The whine of the privileged class:
“No Retirement By 40-
No Peace!”.

Warrington Faust
Warrington Faust
13 years ago

I am interested in both arguments. Although I believe the politicians that got us into the pension mess are both venal and reprehensible, I do not see how the taxpayers are not bound by contract. They were hired with the understanding of pension benefits,they have performed their half of the contract (or, at least, put in their time), must we not hold up our end of the bargain. I do not see where cost to the taxpayers is an issue, that was known at the outset. This is not heartening, but I think my reasoning is correct. I do not see how our current legislators can simply “swear the poor debtor’s oath” and take French leave of our creditors.
I do not hear any call for current state employees to accept less, or of defaulting on state bonds, in order to free up funds for a prior public obligation. Although, I suppose, anything is possible in politics, I think our elected representatives have fully cooked our goose.
It may be that the politicians will find a “loophole” that permits the presently desired result. They may simply do it by fiat, and fight in the courts later. I suspect that close examination of such a “loophole” would arrive at the result that it was dishonorable. Let’s face it, we elected those people, the facts were known to anyone who cared to know, and we re-elected those people. We have “run out of other people’s money”, but we are not innocent.

Justin Katz
Justin Katz
13 years ago

Warrington,
I think we can pretty clearly assert that the cost was not known to the taxpayers. I mean, our government, with heavy (almost dominant) input from labor unions was predicting over 8% returns on investments while realizing much less.
This is where things get really tricky with respect to democracy: I never agreed to pension arrangements, and it can’t even be reasonably suggested that I had any input in any pension arrangement made before about ten years ago. If forcing me to pay for them becomes too much of a burden, I’ll just pull up stakes. I’m using myself representatively, here; the principle applies to the entire RI economy.

Dan
Dan
13 years ago

Warrington – The terms of the contract have become unconscionable. How does the law treat unconscionable terms in contracts?

Patrick
Patrick
13 years ago

“I do not see where cost to the taxpayers is an issue, that was known at the outset.”
And another question is, did we already pay that cost, but the money went into the black hole otherwise knows as the “General Fund” and then ended up in other appropriations? If I have an implied contract with the state by my living here and the deal is that the pension situation will cost me $x and I pay that, but then the politicians take that money and decide to create and fund a new program and not properly fund the pension system, is that my fault? Should I have to then pay more?
The bottom line is yes, I will.
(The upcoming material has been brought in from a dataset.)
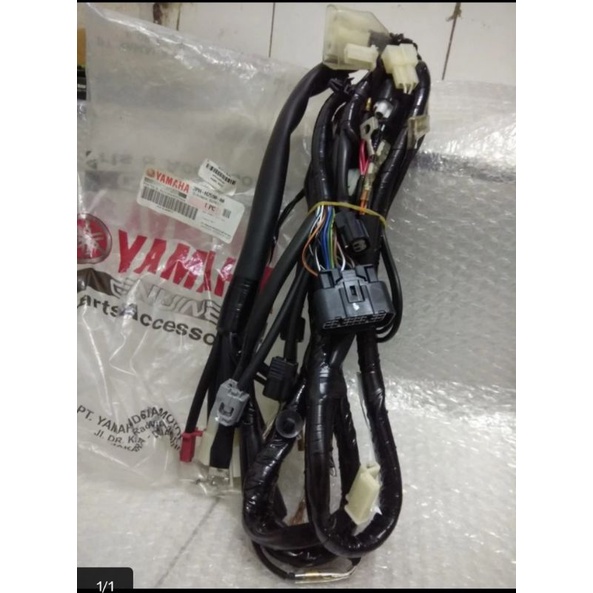 KABEL BODY YAMAHA MIO M3 125 ORIGINAL YGP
The real problem is we can’t go back after the politicians who knowingly and willingly screwed this up.
Heck, how many of them are there still collecting pensions?

Andrew
Editor
13 years ago

I do not see how the taxpayers are not bound by contract.

When you promise more than you have, even through a contract, you don’t gain a right to go seize the difference from someone else.

Warrington Faust
Warrington Faust
13 years ago

Dan, Pat, Andrew all of your comments are indictments of the politicians who created the situation, I don’t think they go to the heart of the matter. Still, it was done democratically and publicly. The terms have not “become unconscionable”, these are the same terms that were originally agreed to. What has happened is that the state’s income has been reduced. Such an event was reasonably foreseeable at the inception of the contract. Some money has been squandered, but if so, it was done publicly by duly elected representatives. Representatives we repeatedly re-elected. I think that means we endorsed their activities. Compare this to any private entity which has had it’s income reduced and has squandered their capital. Frequently, they do renege on their debts. This is usually a stopgap before bankruptcy. It is cause for an involuntary bankruptcy. That subject coming up, municipal bankruptcies are permitted, and might be useful in this instance. So far as I know, there is no ability for a state to enter into bankruptcy. Here’s a thought, a trust for the benefit of creditors/Assignment for the Benefit of Creditors. That is a, non-judicial, Common Law procedure, essentially an informal bankruptcy which does not require compliance with bankruptcy rules (in actual fact, the terms of the trust usually track Chapter 11). They were fairly common in the “Great Depression”, they do not necessarily require the consent of the creditors. As with a class action, non-consenting creditors can maintain a separate action. As a practical matter, the unions would probably choose that route. If the assignment were well thought out and accepted by a majority of creditors, all sorts of Common Law principles, such as “Marshalling of Assets”, come into play. A suit by a single creditor, of equal priority with others, might not go very… Read more »

helen
helen
13 years ago

Congratulations Justin,on your consultancy position! It’s wonderful that all of your hard work is being recognized and rewarded.
Judging by some of the responses in the Projo to the article which referenced you,you have already ruffled quite a few feathers. God love you and thank you for using that God given clarity of yours for the public good.

Warrington Faust
Warrington Faust
13 years ago

“my analysis of public pensions that are higher than the salaries from which they grew.”
Why does anyone seemed surprised at this? Do you think that the unions cannot do arithmetic? Did no one in the legislature take a Community College course on the “Arithmetic of Finance”.
There are any number of on line calculators that will tell you how long it would take a 3% COLA to double $45,000. Even the “Rule of 76” will tell you that it is 25 years. 4% makes that about 19 years. So, retire at 50,or 55, and you are in pretty good shape.
The results are egregious, but let us not pretend surprise. “It was all in the numbers”.
These things were known to everyone who cared to know. We simply chose not to face them, sort of like no one on either side of the abortion debate will acknowledge that Roe v. Wade was the primary cause of the sharp decline in crime which began in 1990.

Andrew
Editor
13 years ago

Warrington,
We don’t have a government that owns society. We don’t have a government that has the power to give one group of citizens a permanent and unchanging claim on the livelihoods of others, and for the government to privilege a single class of citizens makes no more sense now with public sector unions than it did at the times when it was kings and noblemen being placed ahead of everyone else. Indeed, 300 years ago the aristocracy would have made the same “we’re the most important group for keeping society functioning, therefore we come first” argument that the unions are making today.
When it comes to municipal contracts, this limitation on how much of the public’s future livelihood can be “promised” by the government was written directly into Rhode Island law (you can start by looking at 28-9.4-5)…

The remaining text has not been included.